Patti Smith llegó a Nueva York unos meses después con las ideas muy claras. Siempre la he visto como Legs McNeill la describe en Por favor, mátame, el libro que sin duda será tu mejor regalo de reyes si no lo has leído. Patti es un portento de inteligencia emocional y estrategia. Siempre ha estado donde debía y cómo debía. Nunca ha sido punk, pero se ha puesto la etiqueta, nunca ha sido una cantante comprometida aunque ha acuñado un himno como People have the power y nunca, nunca, ha representado algo similar a Dylan, más bien a Bowie con la décima parte de su talento. Puede dar la sensación de que le tengo manía. No es cierto, me sé Because the night y la versión de Gloria y la de My Generation del Horses (esta última bonus track aparecida después) son tan buenas como significativas. Pero no es my cup of tea. Hace unos días se emocionaba cuando iba a recibir un Nobel que no era para ella. Ante su voz quebrada se generó uno de esos momentos que los cursis llaman mágicos. Sus fans y los que no lo son se deshacían en halagos. Los que hemos ido a algún concierto en esta última época sabemos que ese es un recurso del que ella tira mucho. Ha construido un personaje que está por encima del bien y del mal, el mito que es tan humano que para una canción porque ha metido un cazo. Entonces pide perdón porque están aún de rodaje y el público se quema las palmas aplaudiendo la humildad de ese pedazo de historia contemporánea a la que le da igual que los pantalones peguen con la camisa. En cierta forma es perfecta, porque ha sabido instrumentalizar su inteligencia emocional superponiéndola a la debilidad de sus fans y -algo muy difícil- lo ha narrado magistralmente en su autohagiografía Just Kids. En ese sentido, es perfecta porque vivió en el Chelsea y no murió de sobredosis, porque estuvo en todas las ollas y nunca se quemó, porque sobrevivió musicalmente a sus fans, como el mismísimo Michael Stipe, porque le abres dos centímetros la puerta y se cuela hasta la cocina.
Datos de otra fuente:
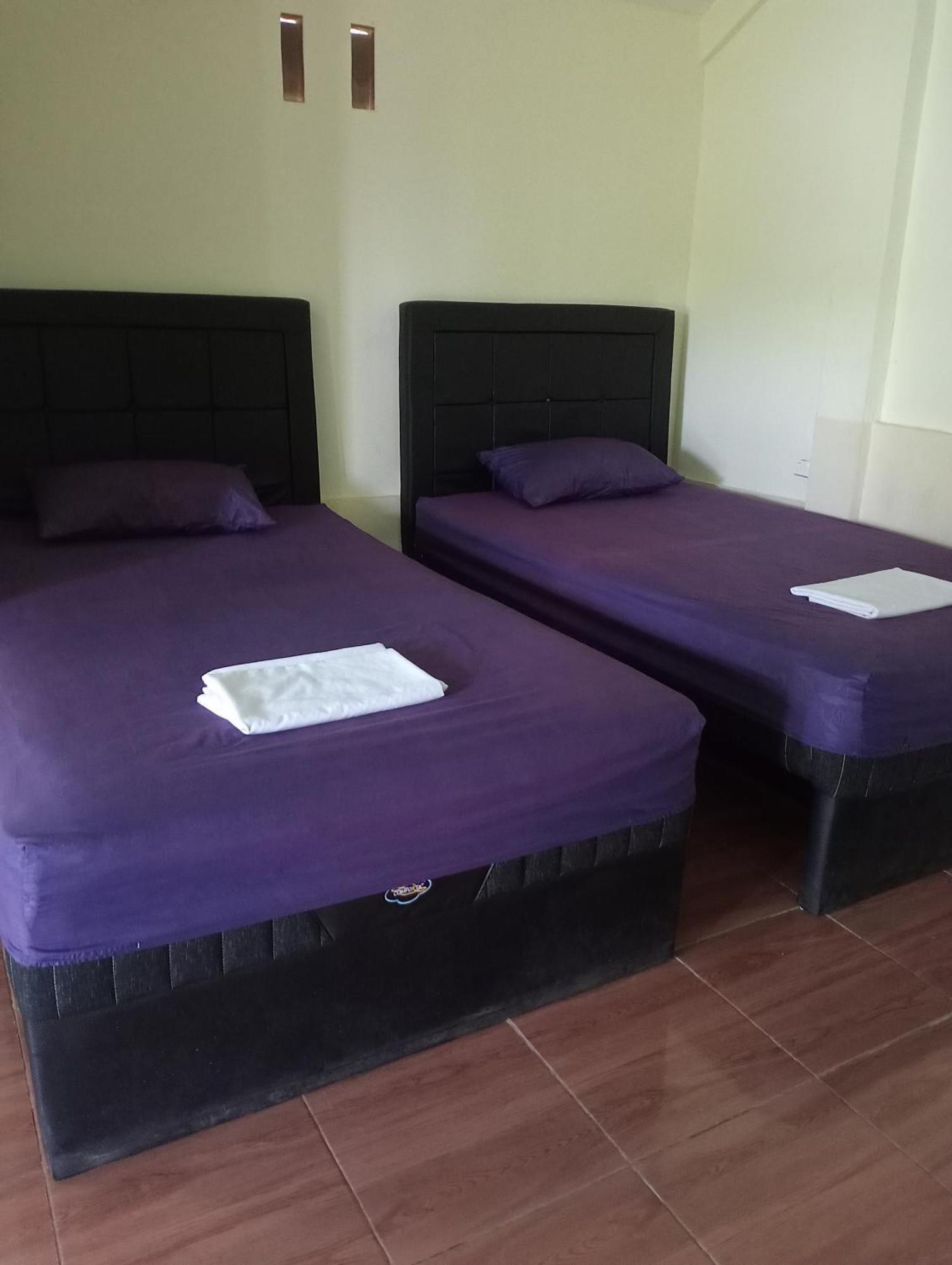 The Daun Puntik Homestay Pemenang Екстериор снимка
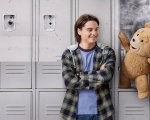 Ted, recensione della serie Netflix: lo sboccato orsacchiotto torna e fa ancora ridere
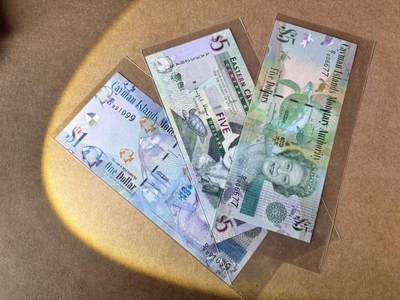 【Blue Auction】世界纸币精拍第774期——18级TOP拍卖/信誉/品质/专业/高效💫 - 【一组3张 含AA冠&倒置号&首发千位小号】东加勒比、开曼纸币一组 全新UNC 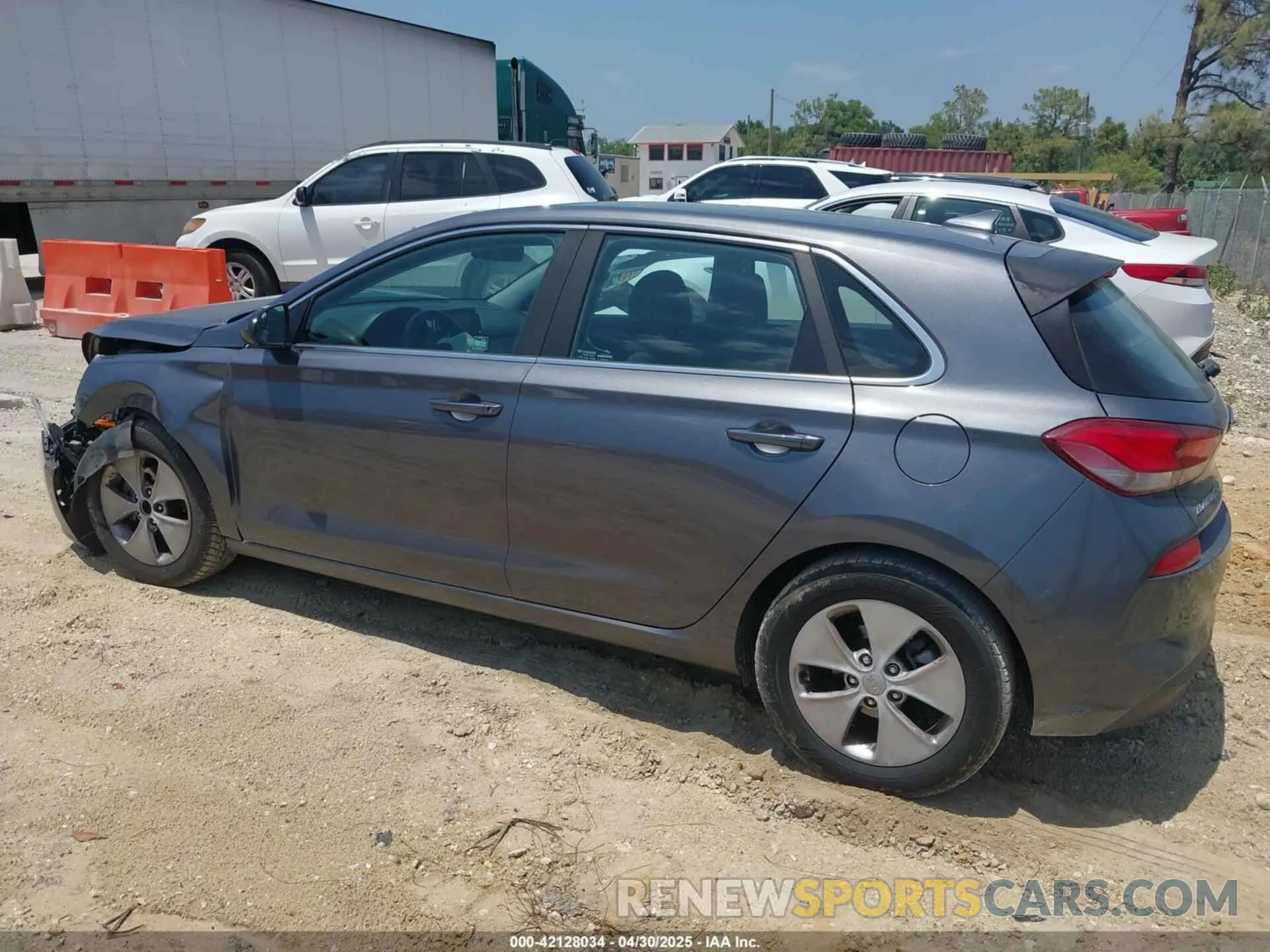 14 Фотография поврежденного автомобиля KMHH35LE4KU090095 HYUNDAI ELANTRA GT 2019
Nunca ha desperdiciado una oportunidad, y de hecho, como decía arriba; se quedó con un Nobel que no era suyo. Creo que tampoco era de Dylan, como tampoco era el cuadro con el que empezaba el relato. Dylan, que siempre ha sido más listo que los demás, se llevó el Double Elvis a casa, pero no le encontró sitio, tal y como escribe Howard Sounes en Down the Highway: The life ob Bob Dylan. No le iba ese rollo, ya hablamos una vez de los músicos y el arte de su tiempo, así que arrumbó el cuadro hasta que su mánager, Albert Grossman, le dijo que era bonito y se lo cambió por un sofá. En 1988 vendieron el cuadro por 720.000 dólares. En 2012, Sotheby´s vendió una de las versiones en 37 millones de dólares. No le dieron el Nobel por ser el más inteligente del mundo. En realidad sigo sin saber por qué se lo dieron, pero esa es otra historia.